Naomi Ragen Undeterred by Plagiarism Suit

Ragen vows to keep writing after she is convicted of stealing portions of an elderly hassid's story in novel against hareidi world.

Uzi Baruch, Sarah Leah Lawent and Tova Dvorin,

Naomi Ragen, 2004 (File)
Naomi Ragen, 2004 (File)
Flash90

The Jerusalem District Court has ordered author Naomi Ragen and Keter Publishing to pay author Sudy Rosengarten 73,000 shekels ($19,124) for copyright infringement, distortion, camouflage and literary copying of “substantial and significant” portions of Rosengarten’s story, “A Marriage Made in Heaven,” into Ragen’s novel The Sacrifice of Tamar.

Rosengarten, 82, a Bobov hassid, was shocked to find that Ragen had taken a story she had written about her son and had copied it and used it to attack the hareidi world.

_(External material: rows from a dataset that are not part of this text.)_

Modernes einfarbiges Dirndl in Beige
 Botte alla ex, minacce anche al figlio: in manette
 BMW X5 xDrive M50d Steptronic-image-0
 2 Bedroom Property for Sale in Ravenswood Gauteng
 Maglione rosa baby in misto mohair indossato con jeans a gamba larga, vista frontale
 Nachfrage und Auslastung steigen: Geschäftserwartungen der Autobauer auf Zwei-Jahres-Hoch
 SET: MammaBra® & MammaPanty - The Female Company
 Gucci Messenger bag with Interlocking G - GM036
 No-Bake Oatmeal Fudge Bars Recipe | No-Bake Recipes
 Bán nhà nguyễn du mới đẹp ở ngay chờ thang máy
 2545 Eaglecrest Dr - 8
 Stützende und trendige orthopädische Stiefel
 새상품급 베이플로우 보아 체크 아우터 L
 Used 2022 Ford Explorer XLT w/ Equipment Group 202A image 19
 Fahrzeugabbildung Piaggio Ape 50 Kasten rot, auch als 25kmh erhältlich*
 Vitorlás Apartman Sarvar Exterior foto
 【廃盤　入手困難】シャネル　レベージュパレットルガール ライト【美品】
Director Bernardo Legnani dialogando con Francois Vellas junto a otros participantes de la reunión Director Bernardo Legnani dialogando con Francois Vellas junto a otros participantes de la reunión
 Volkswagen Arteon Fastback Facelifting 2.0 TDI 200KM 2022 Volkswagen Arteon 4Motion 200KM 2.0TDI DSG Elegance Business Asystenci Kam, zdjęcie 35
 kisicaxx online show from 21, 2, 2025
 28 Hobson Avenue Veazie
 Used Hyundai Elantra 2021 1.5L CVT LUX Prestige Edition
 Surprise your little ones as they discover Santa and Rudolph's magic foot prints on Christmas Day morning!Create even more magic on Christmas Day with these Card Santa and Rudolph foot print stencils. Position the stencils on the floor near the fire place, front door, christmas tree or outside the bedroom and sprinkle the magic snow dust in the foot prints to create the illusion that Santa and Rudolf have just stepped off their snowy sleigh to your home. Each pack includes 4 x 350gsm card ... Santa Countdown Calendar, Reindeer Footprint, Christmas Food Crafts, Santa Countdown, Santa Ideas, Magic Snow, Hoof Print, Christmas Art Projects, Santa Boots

The ruling stated “the chapter was planted in a book that is foreign to the views and spirit of Mrs. Rosengarten as a hareidi woman.”

This is not the first copyright infringement suit that has been filed against Ragen.

Plagiarism allegations first arose in 2007 when Sarah Shapiro, along with another American-Israeli writer Michal Tal, claimed that Ragen used material from Shapiro's first book Growing with My Children in her novel Sotah.

Ragen previously vehemently denied the charges by Shapiro. She told the court that she only used Shapiro’s material as “raw material,” but a 2012 ruling stated that the author in effect intentionally copied parts of the book.

On March 27, 2012, Naomi Ragen and Sarah Shapiro reached a settlement. Ragen was ordered to pay Shapiro 233,000 shekels (over $62,500) for copyright infringement, an unprecedented amount in a plagiarism case in Israel. 

Ragen later appealed the decision in June, claiming that it set a precedent that would deny Israeli writers freedom of expression. The court also determined that some 97,000 shekels of the settlement money would go to Yad Sarah, a large Israeli charity which assists the elderly and disabled, and Yad Eliezer, Israeli's largest provider of food for the impoverished. 

Later, in November 2013, Ragen was ordered to delete 25 phrases from future editions of Sotah due to the charges.